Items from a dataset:
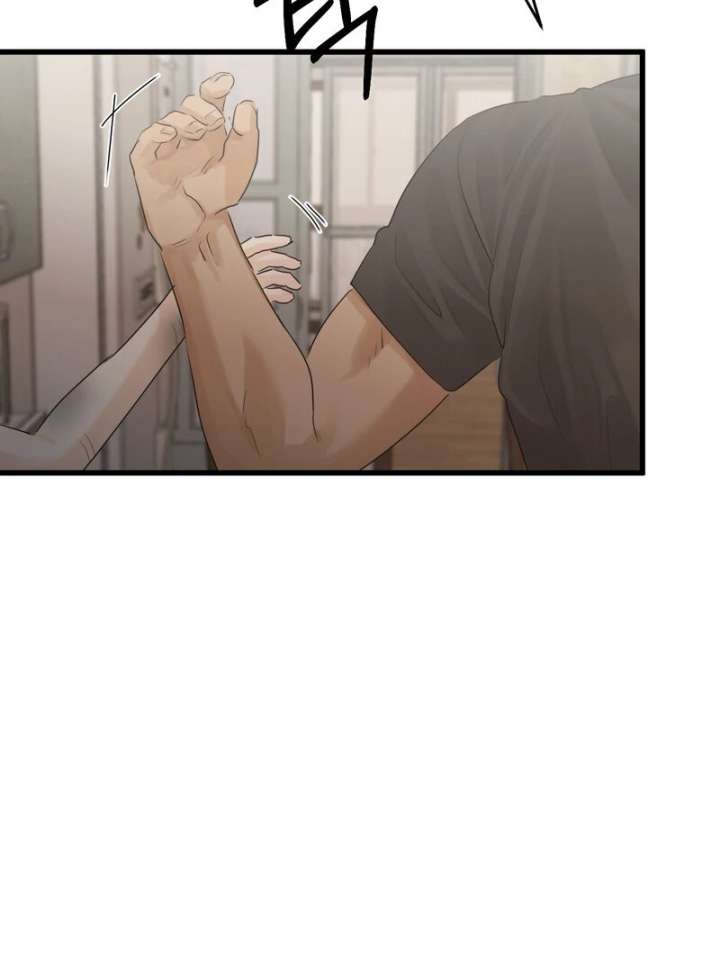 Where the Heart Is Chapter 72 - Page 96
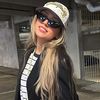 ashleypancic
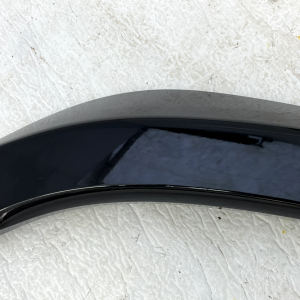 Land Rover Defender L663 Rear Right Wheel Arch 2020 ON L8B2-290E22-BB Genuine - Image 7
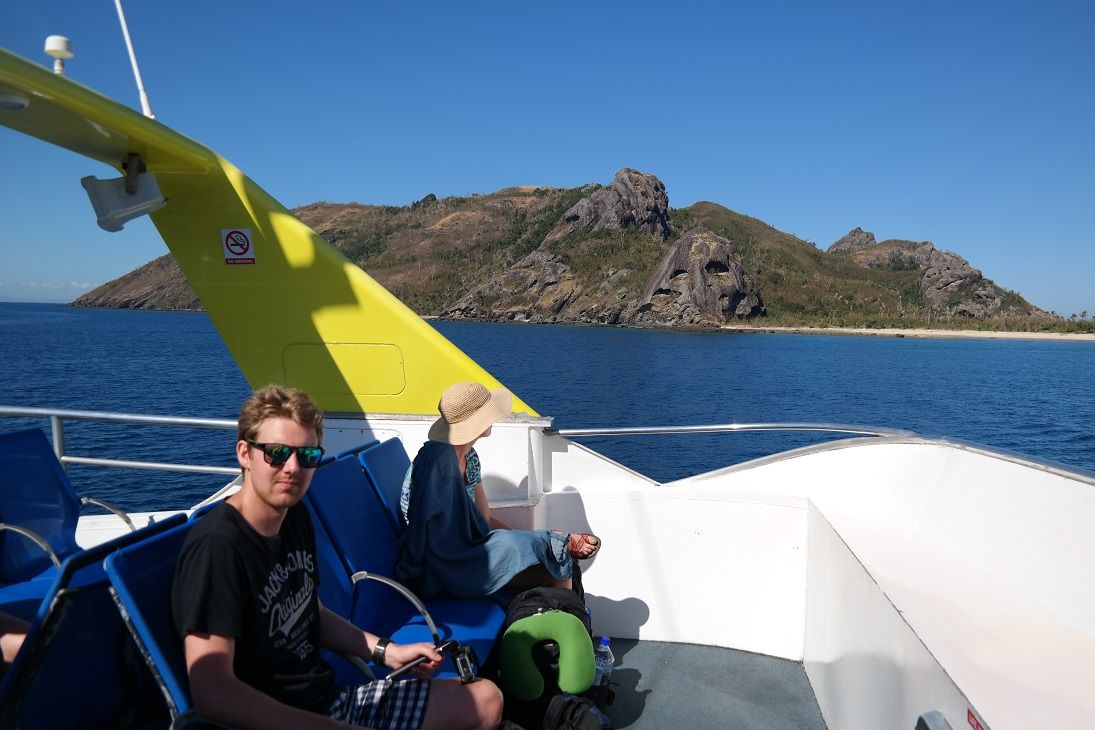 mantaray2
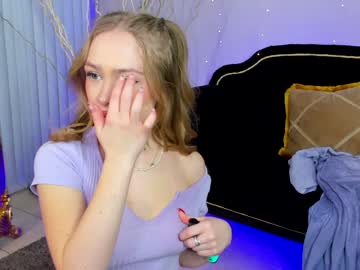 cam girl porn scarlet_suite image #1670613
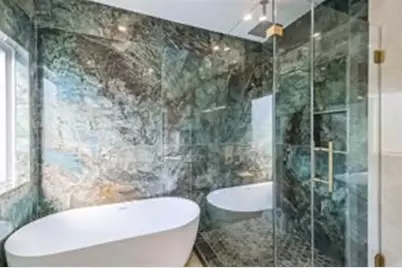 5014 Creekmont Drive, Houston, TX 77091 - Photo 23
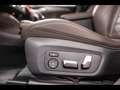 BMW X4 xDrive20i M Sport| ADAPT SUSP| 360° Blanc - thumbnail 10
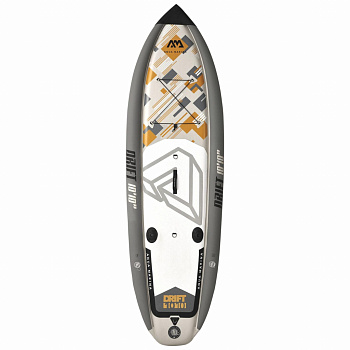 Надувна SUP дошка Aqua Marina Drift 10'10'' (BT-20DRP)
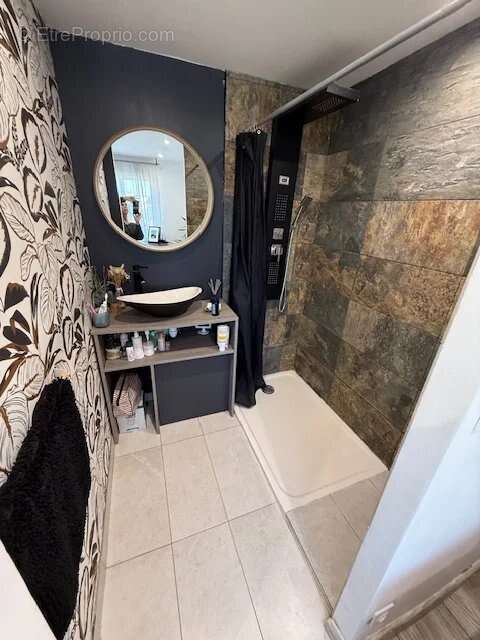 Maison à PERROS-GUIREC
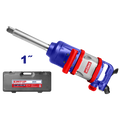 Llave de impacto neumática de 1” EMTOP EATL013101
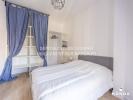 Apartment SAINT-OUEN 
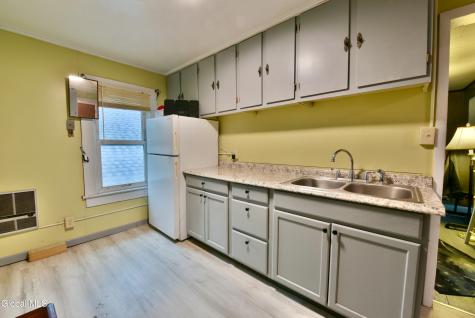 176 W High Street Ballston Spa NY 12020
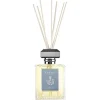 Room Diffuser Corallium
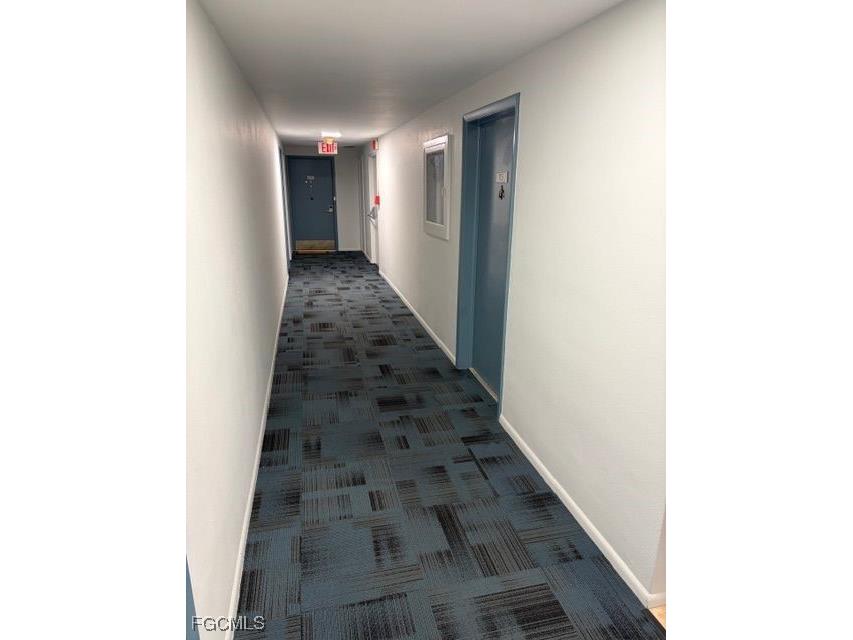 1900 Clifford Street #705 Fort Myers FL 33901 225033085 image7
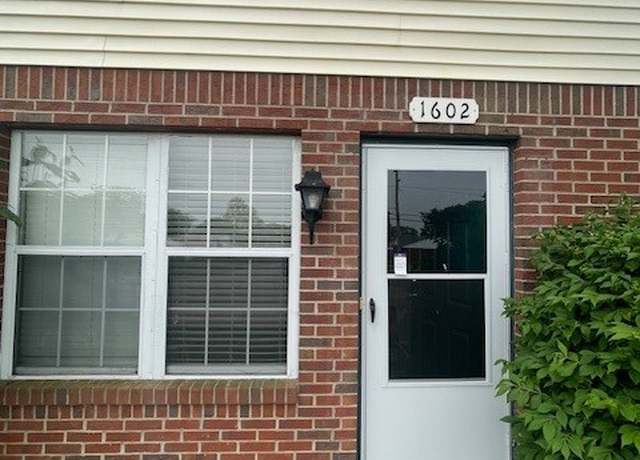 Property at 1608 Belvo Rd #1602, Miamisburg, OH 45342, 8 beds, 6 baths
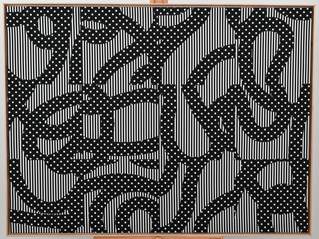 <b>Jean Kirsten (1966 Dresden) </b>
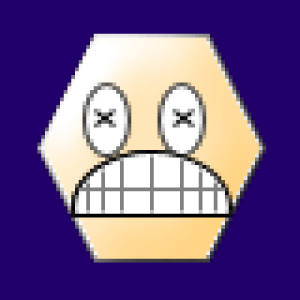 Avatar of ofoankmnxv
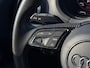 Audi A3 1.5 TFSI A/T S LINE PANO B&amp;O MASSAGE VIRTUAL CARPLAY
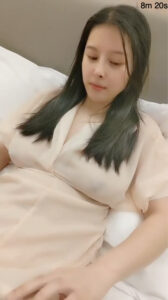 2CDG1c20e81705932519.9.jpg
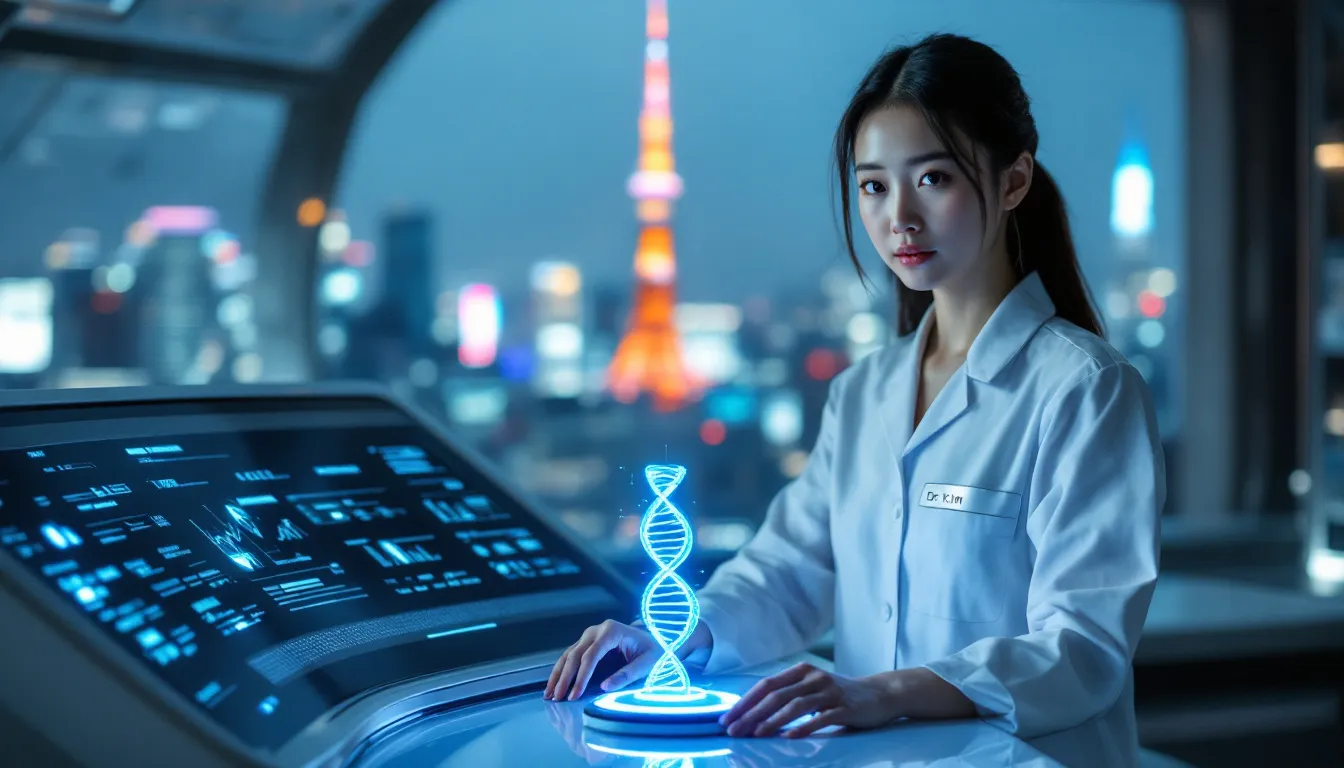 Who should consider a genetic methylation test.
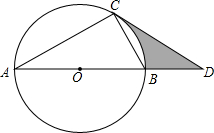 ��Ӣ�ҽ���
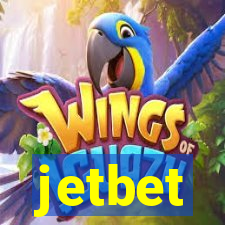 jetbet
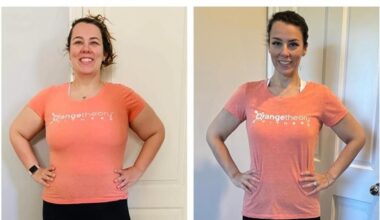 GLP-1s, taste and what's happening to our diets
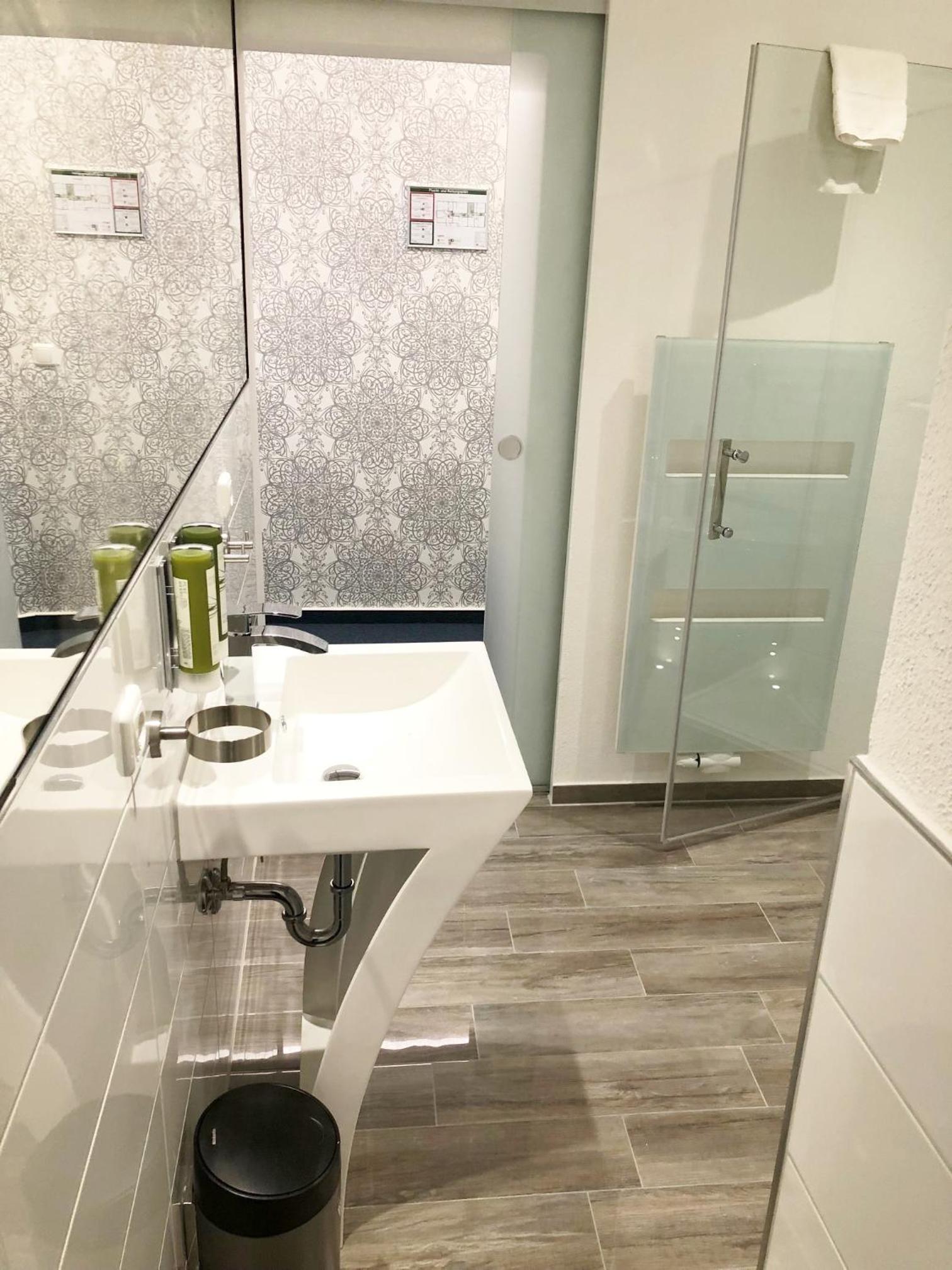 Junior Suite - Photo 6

WHAT THIS TASK INVOLVES:
All of the entries above are to be restated word for word, minus the images.

YOUR RESPONSE:
 Where the Heart Is Chapter 72 - Page 96
 ashleypancic
 Land Rover Defender L663 Rear Right Wheel Arch 2020 ON L8B2-290E22-BB Genuine - Image 7
 mantaray2
 cam girl porn scarlet_suite image #1670613
 5014 Creekmont Drive, Houston, TX 77091 - Photo 23
 BMW X4 xDrive20i M Sport| ADAPT SUSP| 360° Blanc - thumbnail 10
 Надувна SUP дошка Aqua Marina Drift 10'10'' (BT-20DRP)
 Maison à PERROS-GUIREC
 Llave de impacto neumática de 1” EMTOP EATL013101
 Apartment SAINT-OUEN 
 176 W High Street Ballston Spa NY 12020
 Room Diffuser Corallium
 1900 Clifford Street #705 Fort Myers FL 33901 225033085 image7
 Property at 1608 Belvo Rd #1602, Miamisburg, OH 45342, 8 beds, 6 baths
 <b>Jean Kirsten (1966 Dresden) </b>
 Avatar of ofoankmnxv
 Audi A3 1.5 TFSI A/T S LINE PANO B&amp;O MASSAGE VIRTUAL CARPLAY
 2CDG1c20e81705932519.9.jpg
 Who should consider a genetic methylation test.
 ��Ӣ�ҽ���
 jetbet
 GLP-1s, taste and what's happening to our diets
 Junior Suite - Photo 6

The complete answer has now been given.